Last month, Media Matters noted that writers with a history of anti-Semitic views were “thrilled” when Trump denounced a Jewish reporter at a White House press conference, telling him to be quiet after the reporter asked the president to condemn “an uptick in anti-Semitism.”

As Rabbi Jill Jacobs, executive director of T’ruah, a nonprofit organization of rabbis representing all streams of Judaism, recently told my ThinkProgress colleague E.A. Crunden, presidential behavior has given license to anti-Semitic and racist acts.

“Through his rhetoric, the President, his advisers, and many of his supporters are fanning the flames of this hatred,” she said in a statement. “Their rhetoric and dog whistles have resulted in neo-Nazis feeling empowered to march in the streets, mosques and synagogues being regularly targeted for vandalism and violent threats, and people who don’t fit the white nationalist and Christian profile being attacked on the streets.”
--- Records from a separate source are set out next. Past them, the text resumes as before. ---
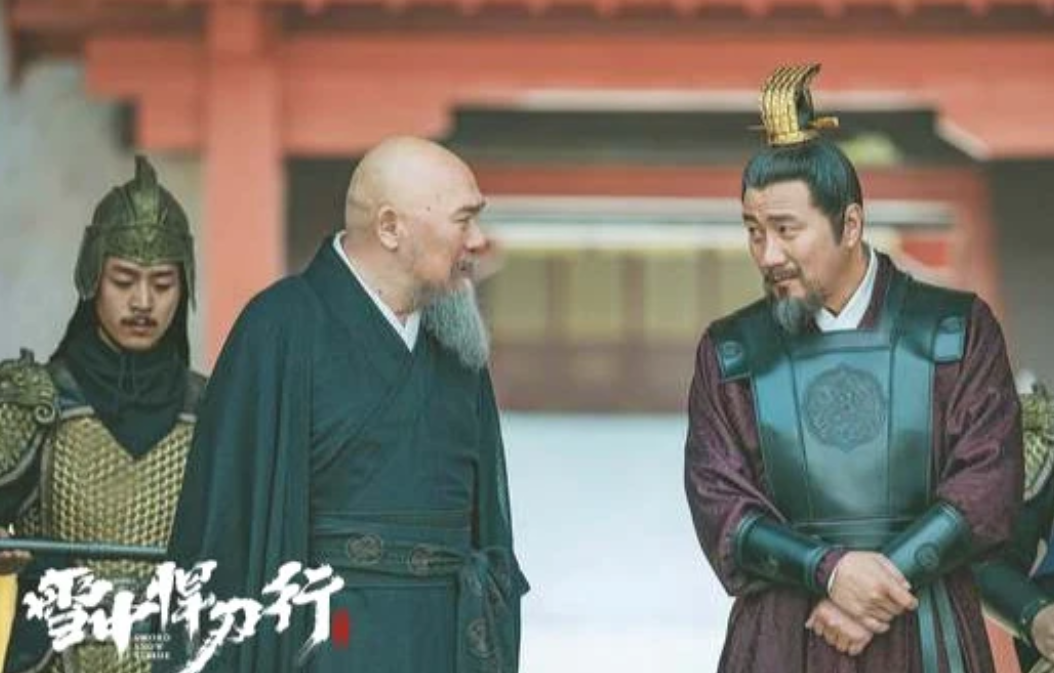 《雪中悍刀行》狂揽50亿播放量,一口气追到结局:太过瘾了休闲区蓝鸢梦想 - Www.slyday.coM 《雪中悍刀行》狂揽50亿播放量,一口气追到结局:太过瘾了休闲区蓝鸢梦想 - Www.slyday.coM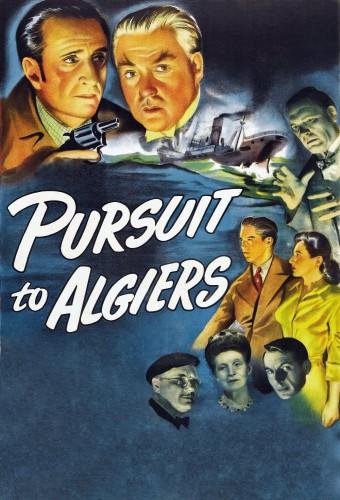 Pursuit to Algiers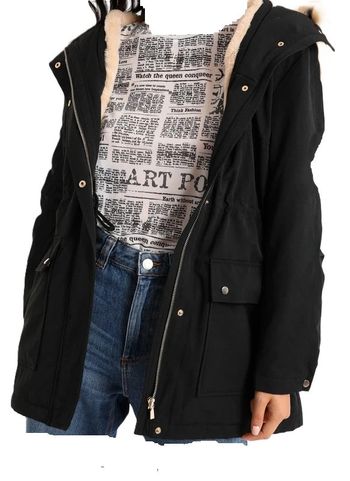 parka hiver pimkie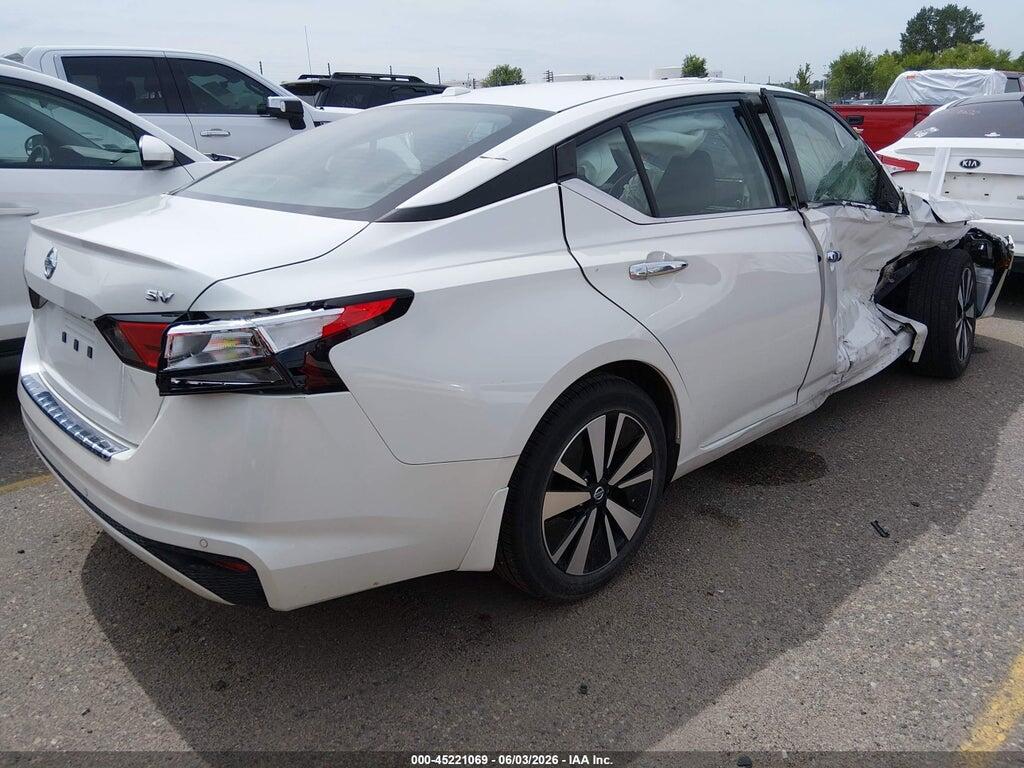 1N4BL4DV4NN357355 2022 NISSAN ALTIMA photo no. 4
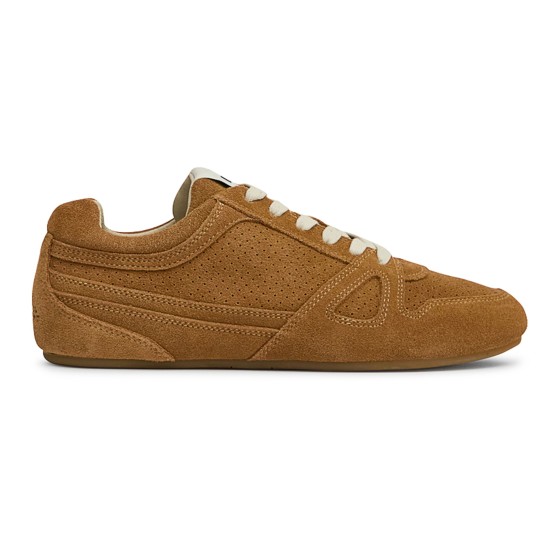 Senny low sneakers - brown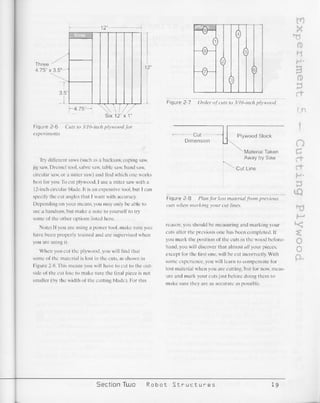 123 robotics experiments for the evil genius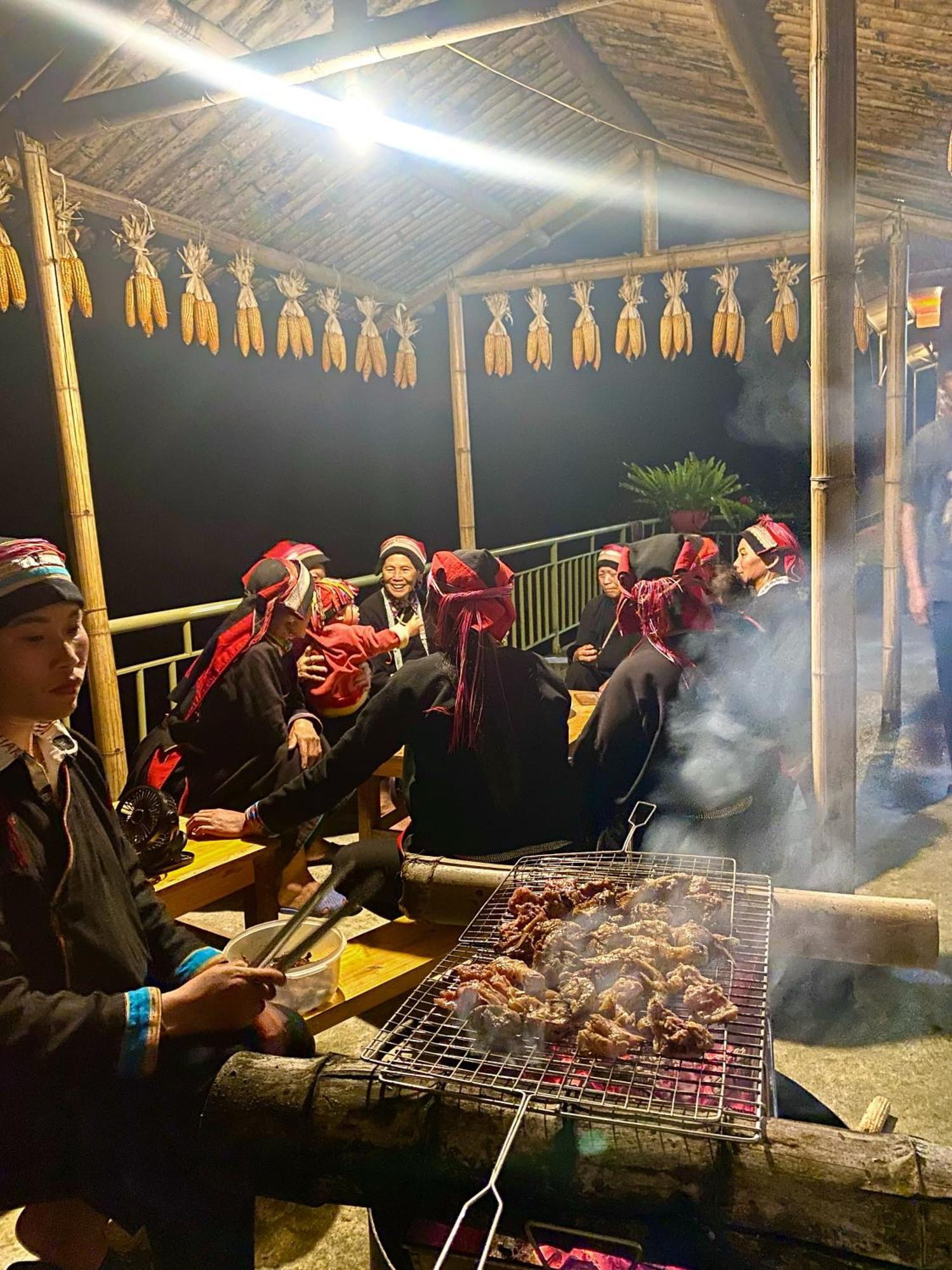 Homestay Truc Son Hong Ha エクステリア 写真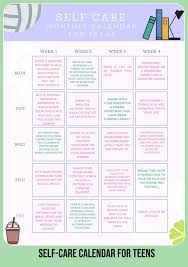 Esl worksheets for teaching english. 25 Must Try Self Care Activities For Youth The Reluctant Cowgirl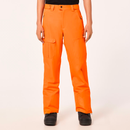 Oakley Divisional Cargo Shell Pant Orange Snowboarding Skiing Ski Snow trousers 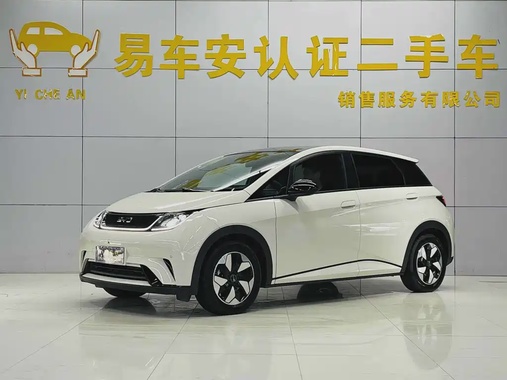 BYD Dolphin 2024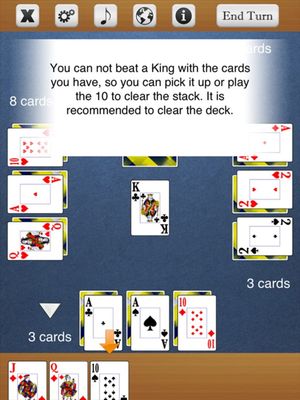 Tens and Twos screenshot 4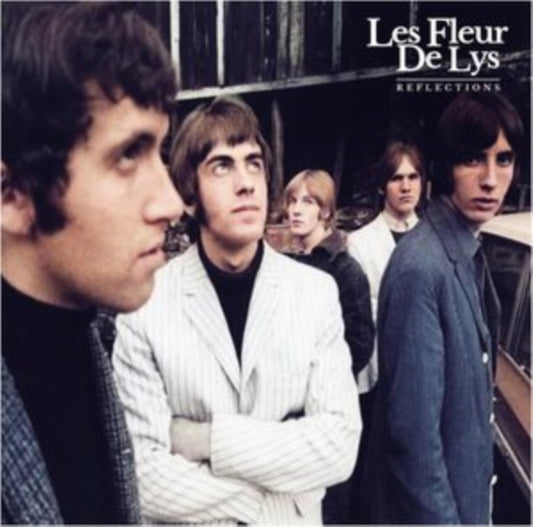 Les Fleur De Lys - Reflections (Vinyl)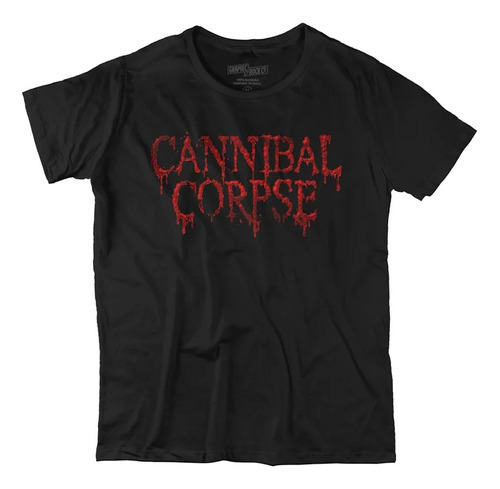 Camiseta Cannibal Corpse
What’s more, many of those who scream outrage over Farrakhan’s screeds turn deaf and mute when right-wing racists such as Steve Bannon spew vitriol that’s far worse and gets an audience among powerful national and international leaders. Just this week, for example, the Financial Times announced that they would be holding a “Future Of News” conference, bringing Bannon together with two respected figures in the mainstream media, New York Times Editor-in-Chief Dean Baquet and CNN Worldwide president Jeff Zucker. 

Decades from now, Bannon might end up rightly fitted with the same mantle of shame that Farrakhan’s borne for many years. For now, unlike the NOI leader, Bannon remains a figure that supposedly-respectable society still turns to for his views, and whom the media still lavishes with attention through fawning profiles, quotes and — as in the above instance — new opportunities to offer commentary on their own business practices.

Hypocrisy, you say? For sure, it is.

But rest assured almost any story about Farrakhan has little to zero import on anything that truly matters. Instead, the breathless accounts surrounding his most recent rants are just a blip in the ongoing national narrative, serving only to deflect and distract. The greatest irony in this case, is that Farrakhan’s latest round of anti-Semitic vitriol is actually distracting media attention from the actual racism and anti-Semitism that’s on the rise.